03.01 讀萬卷書——《邊城》沈從文


讀萬卷書——《邊城》沈從文

長江文藝出版社《邊城》封面

民國十年,沈先生隨部隊入川,途經茶峒時,邂逅了這個河街上的愛情故事。辛亥革命結束了2000多年的封建王朝,在那個舉國動盪的年代,沈先生卻為我們描繪出了一個世外桃源般純淨的世界。1984年,北京電影製片廠曾經拍攝了同名電影《邊城》,片頭一段蕭曲,空靈的旋律一下子便會將我的思緒拉到那個悠遠的湘西小鎮——茶峒。
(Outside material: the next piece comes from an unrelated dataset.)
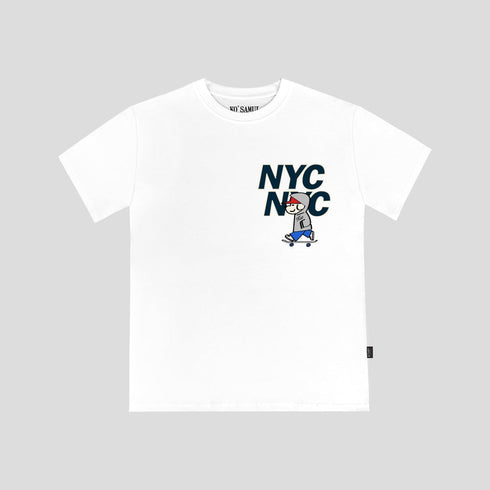 KO-SUMI NYDOG T-SHIRT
溪邊有座白色小塔,塔下住了一戶人家,一個老人,一個女孩子,一隻黃狗。翠翠是渡船老人的孫女,長在風日裡,皮膚黑黑,眸子卻清明如水晶,天真活潑。提起翠翠的身世,那便是另一段悽美的愛情。翠翠的母親愛上了為她唱歌的茶峒軍人,兩人意欲逃走,卻一個舍不下孤獨的老父親,一個不忍毀掉軍人的名譽,最後雙雙殉情而死。翠翠長到十三歲,那一年的端午,她遇到了那個為她唱歌,使她睡夢裡為他的歌聲把靈魂輕輕浮起的青年人,儺送。儺送是船總順順家的二兒子,還有個哥哥叫天保。

“悖時砍腦殼的!”

“回頭水裡大魚來了咬你。”

初遇便是一場誤會,翠翠誤以為儺送是輕薄男子,惱羞成怒。待知道是儺送叫人送她回家時,心裡是又吃驚又害羞,這個晚上,有那麼一件事朦朦朧朧扎進了翠翠心裡,翠翠沉默了一夜。

青澀的愛情就這樣種在了兩個年輕人的心底,沒有你儂我儂,沒有山盟海誓,一見傾心。那時的愛情簡單又純粹。

又是一年端午,賽龍舟、抓鴨子,還是那座吊腳樓,鼓聲依舊,又是一場誤會。翠翠誤會了儺送要娶碾坊做妝奩的女兒,爺爺誤會了是天保在山崖上唱了一夜的歌兒,儺送誤會了天保的死是老船伕的彎彎心思害的。於是翠翠不再見儺送,儺送不再提要渡船。老船伕在自責抑鬱中去世了。

那一夜,狂風暴雨,電閃雷鳴,沖走了渡船,劈倒了白塔,也送走了老船伕。

翠翠哭了很久,從別人口中知道了祖父沒告訴過她的事。船總順順打算把翠翠接到家中,做儺送的媳婦。可儺送架船走了。

祖父走的那夜,坐在門檻上打草鞋。

“爺爺,你要多少雙草鞋,床頭上不是還有十四雙嗎?怎麼不好好躺一躺?”

老船伕不做聲,卻站起身來昂頭向天空望著,輕輕的說:“翠翠,今晚上要落大雨響大雷的!回頭我們把船繫到巖下去,這雨大哩。”

翠翠說:“爺爺,我真嚇怕!”翠翠怕的似乎並不是晚上要來的雷雨。

老船伕似乎也懂得那個意思,就說:“怕什麼?一切要來的都得來,不必怕!”

後來,到了冬天,那個圮坍了的白塔,又重新修好了。那個在月下唱歌,使翠翠在睡夢裡為歌聲把靈魂輕輕浮起的青年人還不曾回到茶峒來。

這個人也許永遠不回來了,也許“明天”回來!

故事就這樣結束了,沒人知道儺送去了哪裡,他可能在湘西的每個角落,也可能長眠在了青浪灘。

白塔下,一戶人家,一個女孩子,一隻黃狗。或許有一天對岸會出現一個青年大喊:過渡嘞!

也許有一天,我會踏上尋訪茶峒的旅程,那個湘西花垣縣的小鎮、清澈的溪水、合著鳥叫蟲鳴的風聲;白塔、渡船,河街、吊腳樓、懸崖上的虎耳草。